The graph is visible in places, but on others it is a series of short lines or even completely blank for large stretches of time. The host has 40 cores, 80 with hyperthreading so I don’t believe this is a lack of CPU power on the host. I don’t see any signs of a timeout in the logs or the poller timing graphs. Polling always completes before the start of the next poll cycle.

As evidence that polling is working fine, here is a memory graph over the same time period:
yacy docker memory graph
There are no issues here. All graphs other than CPU similarly render with no gaps. To me, this is strong evidence that SNMP is not timing out and the docker agent script is running on the host successfully.

I did some troubleshooting on my own and it looks like the docker agent can report CPU usage above 100%. For the docker container above, I allocated 8 CPUs and docker-stats.py reports "cpu": "767.23%". That lines up pretty well with how Linux’s top utility works; I’m not sure if this is a side effect of the platform (Linux) of the host or if the Docker command that docker-stats.py invokes deliberately does this.
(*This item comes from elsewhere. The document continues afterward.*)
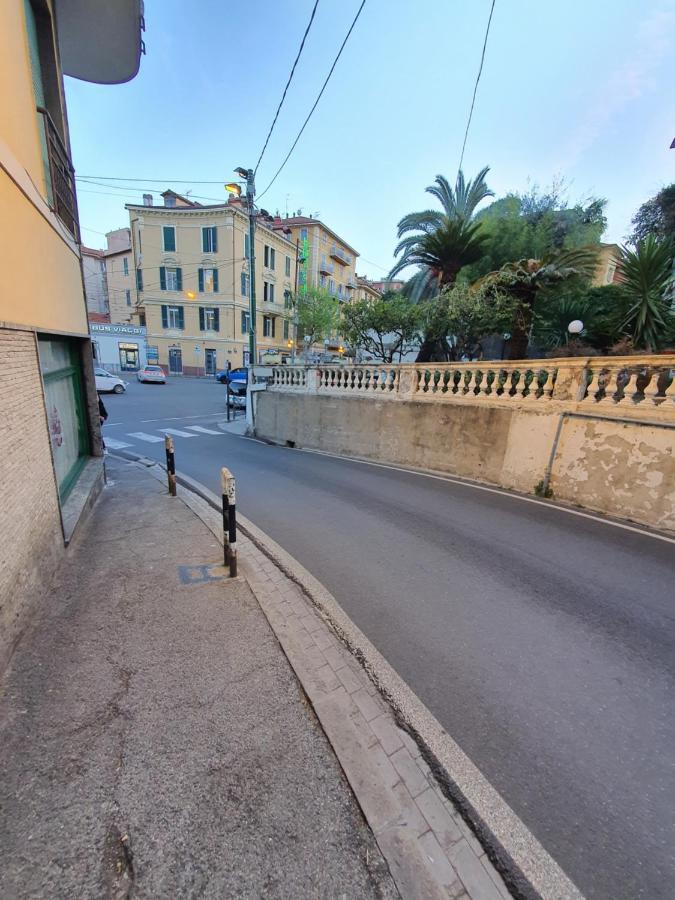 Villa Arcobaleno Rondo Garibaldi Sanremo Luaran gambar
My hypothesis here is that LibreNMS expects the CPU graph to always be between 0 and 100%, but doesn’t account for this behavior and so it discards everything out of that range. It matches what I tend to see, where the graph renders fine when I know the container was mostly idle, but has gaps and disappears when I know it was being used heavily. My guess here is that removing the 100% limit should remove the gaps.

On the Github bug, I was recommended to modify the RRD file, but the syntax is very complicated. Would someone be able to help me with this issue? I don’t like the idea of having to recreate the RRD file every time I add a new docker container, but it would at least allow me to see the graphs in full.

Steps to reproduce:

Set up the docker agent on the host, enable Docker polling in LibreNMS
Install a docker container that uses a lot of CPU, and assign at least 2 cores. The more CPU cores, the easier it is to see the effect. (whisper-asr is great, so is Yacy that I’m using here)
Run the container, ensure LibreNMS is polling Docker, and ensure the container is using a lot of CPU power
Go to the Docker app in LibreNms and observe the CPU graph

I’m using Chrome Version 138.0.7204.97 (Official Build) (64-bit)

./validate.php output:

===========================================
Component | Version
--------- | -------
LibreNMS  | 25.6.0-142-g4ae643f0c (2025-07-09T14:09:29-04:00)
DB Schema | 2025_07_08_111910_change_stp_bridge_max_age_size (351)
PHP       | 8.3.21
Python    | 3.12.9
Database  | MariaDB 11.8.2-MariaDB-ubu2404
RRDTool   | 1.8.0
SNMP      | 5.9.4.pre2
===========================================

[OK]    Composer Version: 2.8.9
[OK]    Dependencies up-to-date.
[OK]    Database Connected
[OK]    Database Schema is current
[OK]    SQL Server meets minimum requirements
[OK]    lower_case_table_names is enabled
[OK]    MySQL engine is optimal
[OK]    Database and column collations are correct
[OK]    Database schema correct
[OK]    MySQL and PHP time match
[OK]    Active pollers found
[OK]    Dispatcher Service not detected
[OK]    Locks are functional
[OK]    Python poller wrapper is polling
[OK]    Redis is unavailable
[OK]    rrdtool version ok
[OK]    Connected to rrdcached

Thanks in advance!

murrant · 10 July 2025 05:27

The max CPU % is 100%.

Jonathan_Schram · 13 July 2025 01:46

I get that the max CPU is 100%. That’s the problem here. docker-stats.py returns 767.23% and it is breaking the graph.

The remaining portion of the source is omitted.